By identifying and analyzing the highly correlated features, we can ensure that the features chosen for the logistic regression model are independent and informative. This step helps to improve model stability and avoid issues with overfitting.
4. Splitting Data for Model Training
Properly splitting the data into training and testing sets is a crucial step in model training. It ensures that the model is evaluated on unseen data, providing an unbiased assessment of its performance. In this section, we use StratifiedShuffleSplit to maintain the class balance, ensuring that the proportion of each activity class is preserved in both the training and testing sets.
Train-Test Split
To split the dataset, we use StratifiedShuffleSplit from Scikit-learn. This technique ensures that each class is represented proportionally in both the training and test sets, which is especially important when dealing with imbalanced datasets. In this case, since the activities are balanced, it will help ensure the proportions are consistent between the splits.

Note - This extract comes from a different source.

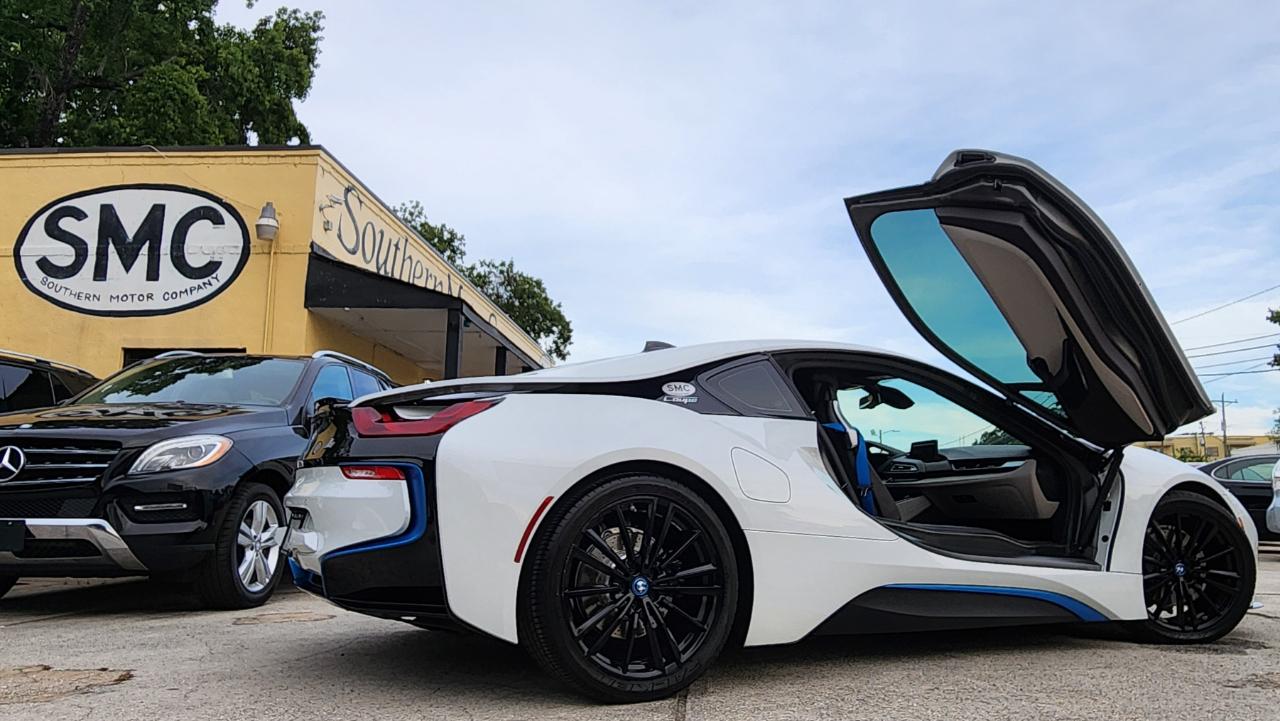 BMW i8  2019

# Import StratifiedShuffleSplit from sklearn
from sklearn.model_selection import StratifiedShuffleSplit
# Initialize StratifiedShuffleSplit with a test size of 30%
sss = StratifiedShuffleSplit(n_splits=1, test_size=0.3, random_state=42)

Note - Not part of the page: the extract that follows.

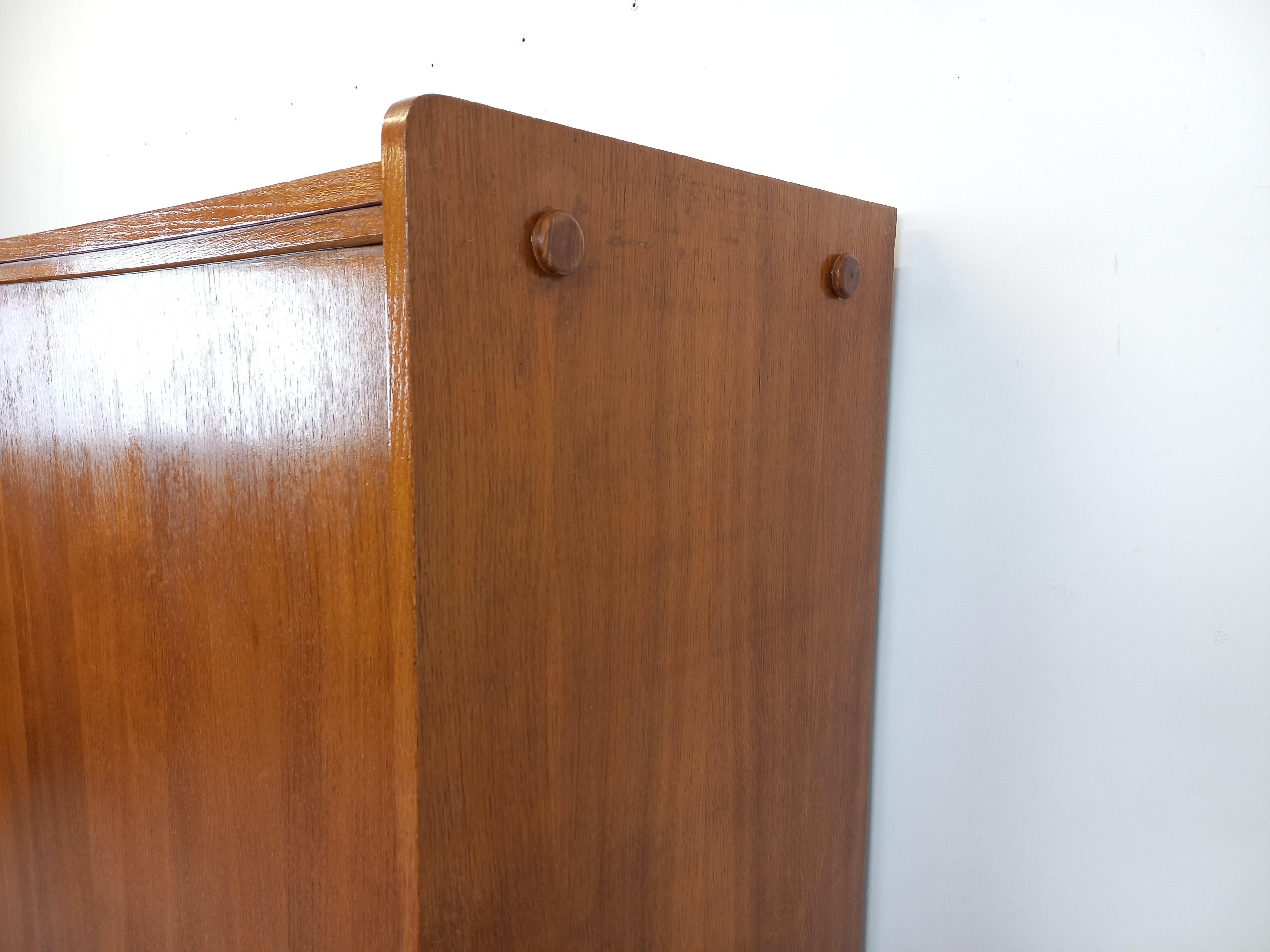 Milieu du XXe siècle Armoire vintage style scandinave en bois de chêne des années 60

# Create train-test splits
for train_index, test_index in sss.split(data, data['Activity']):
train_set, test_set = data.iloc[train_index], data.iloc[test_index]
# Define the features and target variable
X_train = train_set.drop("Activity", axis=1)
y_train = train_set["Activity"]
X_test = test_set.drop("Activity", axis=1)
y_test = test_set["Activity"]
# Display class distribution in the training set
print("Training Set Class Distribution:")
print(y_train.value_counts() / len(y_train))
# Display class distribution in the testing set
print("\nTesting Set Class Distribution:")
print(y_test.value_counts() / len(y_test))
Explanation:
StratifiedShuffleSplit is used to split the data into one training set (70%) and one test set (30%) while maintaining the relative distribution of the target variable (activity classes).
We then define the features (
X_train
,X_test
) by dropping the target variableActivity
, and the target variable (y_train
,y_test
) by extracting theActivity
column.We verify that the distribution of classes in both the training and testing sets is consistent with the original dataset.
Verify the Class Distribution in Train and Test Sets
After the split, we display the class distribution of the training and testing sets to ensure that the proportion of each activity is maintained across both sets.
Output:
Training Set Class Distribution:
0 0.188792
2 0.185046
1 0.172562
3 0.167152
5 0.149951
4 0.136496
Name: Activity, dtype: float64
Testing Set Class Distribution:
0 0.188673
2 0.185113
1 0.172492
3 0.167314
5 0.149838
4 0.136570
Name: Activity, dtype: float64
This confirms that the class distribution is maintained in both the train and test sets.
5. Logistic Regression Model Training
Training a Baseline Logistic Regression Model
We begin by training a baseline logistic regression model without any regularization. The model uses the liblinear
solver and is fitted on the training data (X_train
, y_train
). This solver is suitable for small datasets and works well with logistic regression models, including multi-class classification problems.
from sklearn.linear_model import LogisticRegression
# Standard Logistic regression
lr = LogisticRegression(solver='liblinear').fit(X_train, y_train)
This model fits the training data, providing coefficients for each feature that the model uses to classify the data into one of the activity categories.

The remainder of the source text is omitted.